Contextful is local-first in the literal sense: the authoritative copy of every
document, every synthesized memory, and every access-control key lives on a machine
you run — a Mac Studio in the office, a box in your rack — under ~/.contextful.
Connectors pull your company's real surfaces (Stripe, Slack, PostHog, and more) into
that store, and the brain synthesizes them into human-readable Markdown memory you
can open, edit, and git diff. Cloud services are optional accelerators, never the
home of your data.
Where your data lives
The host runs one binary (sync serve) on your own hardware. Everything it knows sits
in one directory:
~/.contextful/
control/ # principals, keys, policy envelopes
docs/ # per-document CRDT snapshots + oplogs
brain/ # synthesized memory — Markdown files, per topic
brain.duckdb # raw events, index, embeddings, anomalies
caps/ # issued/attenuated token records (audit trail)
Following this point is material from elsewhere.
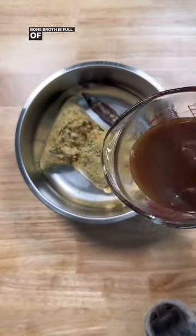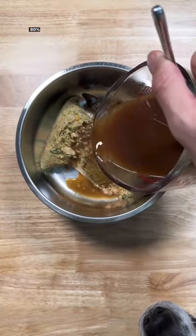Next, bone broth. Bone broth is full of collagen, and collagen makes up about 80% of your dog's ligaments, joints, and muscles.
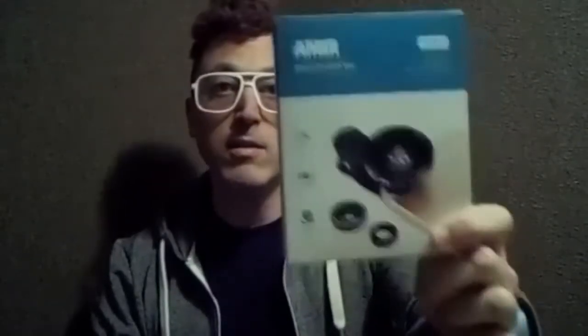Hey YouTube, this is Justin a.k.a. DemonicSweaters, and today I'm here with another product review. This is the Amir mobile phone lens kit you can get on Amazon.com. The link is down below.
Peers — browsers, teammates' machines, agents — reach the host over your own Tailscale network (a WireGuard mesh). There is no Contextful cloud in the data path: the network is yours, the disk is yours.
How ingestion works
Every source goes through one connector contract: a connector declares the views
it exposes (the unit of access control) and pulls raw events, each stamped with
provenance and an access tag (acl_tag) at the moment it enters the system.
flowchart LR
CON["Connectors<br/>Stripe · Slack · PostHog · Exa"] --> ING["Ingest<br/>raw events + provenance + acl_tag"]
ING --> EXT["Extract<br/>atomic facts & entities"]
EXT --> SYN["Synthesize<br/>dedupe · supersede · summarize → Markdown"]
SYN --> IDX["Index<br/>full-text + embeddings + structured views"]
IDX --> SRV["Serve<br/>capability-filtered retrieval"]
SYN --> ANO["Anomalies + learnings<br/>baseline vs. period"]
ANO --> SRV
Three properties matter:
- Memory is Markdown, not a vector dump. Synthesized knowledge is a tree of Markdown cards a human can read. Cards self-wire: typed wikilinks in the prose become graph edges, so the brain is a navigable knowledge graph.
- Access tags travel with the data. A derived memory inherits the strictest access requirement of its sources (taint propagation) — synthesis can never launder a private fact into a public card.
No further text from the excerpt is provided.